Property Ombudsman Christopher Hamer is urging the government to clean up the industry by providing more financial and legal safeguards for landlords and tenants.
His appeal follows a surge in complaints with the ombudsman dealing with 1,338 cases, the highest recorded in 20 years since the scheme started.
Around 670 of the complaints related to letting agents.
The problem highlighted by the ombudsman is although the ombudsman’s scheme has 8,008 member firms operating 7,851 lettings offices, anyone can set up as a letting agent.
Most letting agents voluntarily register with independent schemes, like the ombudsman, that impose a code of practice and complaints procedures – but many do not bother.

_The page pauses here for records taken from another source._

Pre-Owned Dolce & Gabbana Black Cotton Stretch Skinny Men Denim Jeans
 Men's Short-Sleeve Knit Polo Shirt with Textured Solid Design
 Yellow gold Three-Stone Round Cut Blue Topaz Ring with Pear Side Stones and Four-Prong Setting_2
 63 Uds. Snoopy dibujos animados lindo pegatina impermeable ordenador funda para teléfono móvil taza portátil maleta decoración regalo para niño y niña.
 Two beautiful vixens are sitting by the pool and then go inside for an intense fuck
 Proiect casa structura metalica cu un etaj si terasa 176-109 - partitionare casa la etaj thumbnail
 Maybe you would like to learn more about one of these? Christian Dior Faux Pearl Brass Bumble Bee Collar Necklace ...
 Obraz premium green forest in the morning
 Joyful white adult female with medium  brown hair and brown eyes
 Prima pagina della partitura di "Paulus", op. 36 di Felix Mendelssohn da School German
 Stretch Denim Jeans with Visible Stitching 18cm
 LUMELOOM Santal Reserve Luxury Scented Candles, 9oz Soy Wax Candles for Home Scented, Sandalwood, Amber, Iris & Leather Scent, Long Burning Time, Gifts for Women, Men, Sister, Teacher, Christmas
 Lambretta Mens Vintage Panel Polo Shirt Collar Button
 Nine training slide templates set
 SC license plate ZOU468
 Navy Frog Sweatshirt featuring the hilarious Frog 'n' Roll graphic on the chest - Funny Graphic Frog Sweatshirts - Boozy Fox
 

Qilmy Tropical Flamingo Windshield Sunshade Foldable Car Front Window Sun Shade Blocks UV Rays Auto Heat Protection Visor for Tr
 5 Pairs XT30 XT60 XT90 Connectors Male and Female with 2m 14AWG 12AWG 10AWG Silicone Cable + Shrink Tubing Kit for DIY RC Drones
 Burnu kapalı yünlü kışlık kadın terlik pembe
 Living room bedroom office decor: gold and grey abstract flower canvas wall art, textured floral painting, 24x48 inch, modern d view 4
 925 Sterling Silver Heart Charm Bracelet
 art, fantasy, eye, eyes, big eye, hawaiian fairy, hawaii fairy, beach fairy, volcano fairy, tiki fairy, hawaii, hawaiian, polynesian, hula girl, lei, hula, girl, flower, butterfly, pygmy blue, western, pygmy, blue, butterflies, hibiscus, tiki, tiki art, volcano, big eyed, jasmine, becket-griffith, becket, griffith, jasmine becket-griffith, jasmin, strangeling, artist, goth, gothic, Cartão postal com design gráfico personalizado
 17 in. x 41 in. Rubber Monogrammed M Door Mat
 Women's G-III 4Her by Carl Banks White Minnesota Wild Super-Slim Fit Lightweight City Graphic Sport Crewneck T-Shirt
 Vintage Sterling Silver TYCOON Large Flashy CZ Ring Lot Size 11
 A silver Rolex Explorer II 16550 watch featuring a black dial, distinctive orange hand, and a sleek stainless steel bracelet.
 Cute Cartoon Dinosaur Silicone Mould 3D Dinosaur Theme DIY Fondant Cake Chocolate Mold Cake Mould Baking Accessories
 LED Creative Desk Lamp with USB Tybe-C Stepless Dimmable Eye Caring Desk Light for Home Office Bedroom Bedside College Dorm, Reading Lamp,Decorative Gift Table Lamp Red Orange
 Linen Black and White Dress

“Many agents conduct their business by following our code of practice, but there are still too many who are operating without that commitment to standards and without any external controls over what they do with client money,” said Hamer.
Government snubs call to clean up letting industry
“The code represents a comprehensive set of standards by which firms conduct their business.
“Knowing a firm is complying with those standards will give consumers confidence that they are dealing with an organisation which has a committed approach to customer service and that best practice is being treated as a priority by agents.”
Regulating letting agents is a key issue within the industry.
A breakaway group of leading letting agents with hundreds of offices across the country has formed a kite mark scheme to differentiate their businesses from other agents. Several other bodies like the Association of Residential Letting Agents (ARLA) operate money protection schemes as well.
Nevertheless, landlords and tenants are still losing cash to unscrupulous agents.
Hamer’s battle to regulate the industry has received snubs from Housing Minister Grant Shapps, who has also publicly stated the government will not act to tighten up the industry. The Office of Fair Trading (OFT) has also failed to act on his recommendations.
“I had hoped to gain accreditation from the OFT to further strengthen consumer confidence in the code but I am disappointed that having submitted it to the OFT some three years ago I remain unclear as to when that endorsement will be given,” said Hamer.